___ Data in this exercise
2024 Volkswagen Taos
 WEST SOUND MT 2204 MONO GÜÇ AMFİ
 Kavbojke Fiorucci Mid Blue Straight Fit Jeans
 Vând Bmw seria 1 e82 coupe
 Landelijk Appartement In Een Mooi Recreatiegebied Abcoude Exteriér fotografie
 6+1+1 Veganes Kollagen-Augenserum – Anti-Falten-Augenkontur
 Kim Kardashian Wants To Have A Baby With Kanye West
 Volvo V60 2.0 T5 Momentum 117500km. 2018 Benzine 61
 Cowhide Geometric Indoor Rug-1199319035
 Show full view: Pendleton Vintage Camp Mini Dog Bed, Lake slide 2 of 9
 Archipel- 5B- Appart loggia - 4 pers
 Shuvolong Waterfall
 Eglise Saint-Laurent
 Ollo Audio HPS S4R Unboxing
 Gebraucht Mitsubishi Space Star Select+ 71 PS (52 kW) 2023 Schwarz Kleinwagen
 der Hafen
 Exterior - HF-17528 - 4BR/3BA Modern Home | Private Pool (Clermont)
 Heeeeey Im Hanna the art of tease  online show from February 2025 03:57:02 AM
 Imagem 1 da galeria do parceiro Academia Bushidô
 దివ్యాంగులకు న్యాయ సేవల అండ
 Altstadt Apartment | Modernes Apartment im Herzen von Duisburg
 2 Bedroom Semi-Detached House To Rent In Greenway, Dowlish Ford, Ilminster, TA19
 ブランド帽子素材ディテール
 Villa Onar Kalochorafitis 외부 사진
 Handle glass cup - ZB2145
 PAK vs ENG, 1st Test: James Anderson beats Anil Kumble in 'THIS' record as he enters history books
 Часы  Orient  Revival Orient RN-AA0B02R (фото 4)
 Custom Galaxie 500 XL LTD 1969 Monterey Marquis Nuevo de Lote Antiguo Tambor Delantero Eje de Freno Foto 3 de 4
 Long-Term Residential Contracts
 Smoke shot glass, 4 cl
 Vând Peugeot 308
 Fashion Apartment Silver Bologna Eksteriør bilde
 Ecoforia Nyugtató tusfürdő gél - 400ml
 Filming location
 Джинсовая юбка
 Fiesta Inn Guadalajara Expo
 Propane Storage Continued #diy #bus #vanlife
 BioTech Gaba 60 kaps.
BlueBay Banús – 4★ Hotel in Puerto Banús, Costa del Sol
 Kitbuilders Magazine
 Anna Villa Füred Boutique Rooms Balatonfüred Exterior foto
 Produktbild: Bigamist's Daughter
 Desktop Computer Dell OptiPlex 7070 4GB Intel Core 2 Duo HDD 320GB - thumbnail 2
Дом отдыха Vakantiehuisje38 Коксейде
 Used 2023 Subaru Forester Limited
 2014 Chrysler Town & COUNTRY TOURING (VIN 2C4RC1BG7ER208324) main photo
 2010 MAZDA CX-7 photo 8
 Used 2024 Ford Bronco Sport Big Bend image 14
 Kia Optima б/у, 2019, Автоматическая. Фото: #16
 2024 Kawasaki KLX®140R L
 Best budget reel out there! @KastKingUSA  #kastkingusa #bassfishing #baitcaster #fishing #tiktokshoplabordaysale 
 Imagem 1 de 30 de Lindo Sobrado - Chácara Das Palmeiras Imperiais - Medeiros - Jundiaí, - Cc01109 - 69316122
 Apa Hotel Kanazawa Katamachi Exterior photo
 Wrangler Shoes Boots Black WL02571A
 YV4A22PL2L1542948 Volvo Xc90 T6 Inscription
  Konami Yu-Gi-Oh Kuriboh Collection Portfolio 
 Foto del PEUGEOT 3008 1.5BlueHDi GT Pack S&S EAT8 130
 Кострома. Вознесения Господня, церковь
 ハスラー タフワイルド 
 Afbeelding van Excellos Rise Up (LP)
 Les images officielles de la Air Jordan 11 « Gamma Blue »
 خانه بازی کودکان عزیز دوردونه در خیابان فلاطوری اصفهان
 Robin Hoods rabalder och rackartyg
______
Work item.
Begin at the first line of the material above. Transcribe each line exactly, ending with the line that contains "దివ్యాంగులకు న్యాయ సేవల అండ".

Result of the exercise.
2024 Volkswagen Taos
 WEST SOUND MT 2204 MONO GÜÇ AMFİ
 Kavbojke Fiorucci Mid Blue Straight Fit Jeans
 Vând Bmw seria 1 e82 coupe
 Landelijk Appartement In Een Mooi Recreatiegebied Abcoude Exteriér fotografie
 6+1+1 Veganes Kollagen-Augenserum – Anti-Falten-Augenkontur
 Kim Kardashian Wants To Have A Baby With Kanye West
 Volvo V60 2.0 T5 Momentum 117500km. 2018 Benzine 61
 Cowhide Geometric Indoor Rug-1199319035
 Show full view: Pendleton Vintage Camp Mini Dog Bed, Lake slide 2 of 9
 Archipel- 5B- Appart loggia - 4 pers
 Shuvolong Waterfall
 Eglise Saint-Laurent
 Ollo Audio HPS S4R Unboxing
 Gebraucht Mitsubishi Space Star Select+ 71 PS (52 kW) 2023 Schwarz Kleinwagen
 der Hafen
 Exterior - HF-17528 - 4BR/3BA Modern Home | Private Pool (Clermont)
 Heeeeey Im Hanna the art of tease  online show from February 2025 03:57:02 AM
 Imagem 1 da galeria do parceiro Academia Bushidô
 దివ్యాంగులకు న్యాయ సేవల అండ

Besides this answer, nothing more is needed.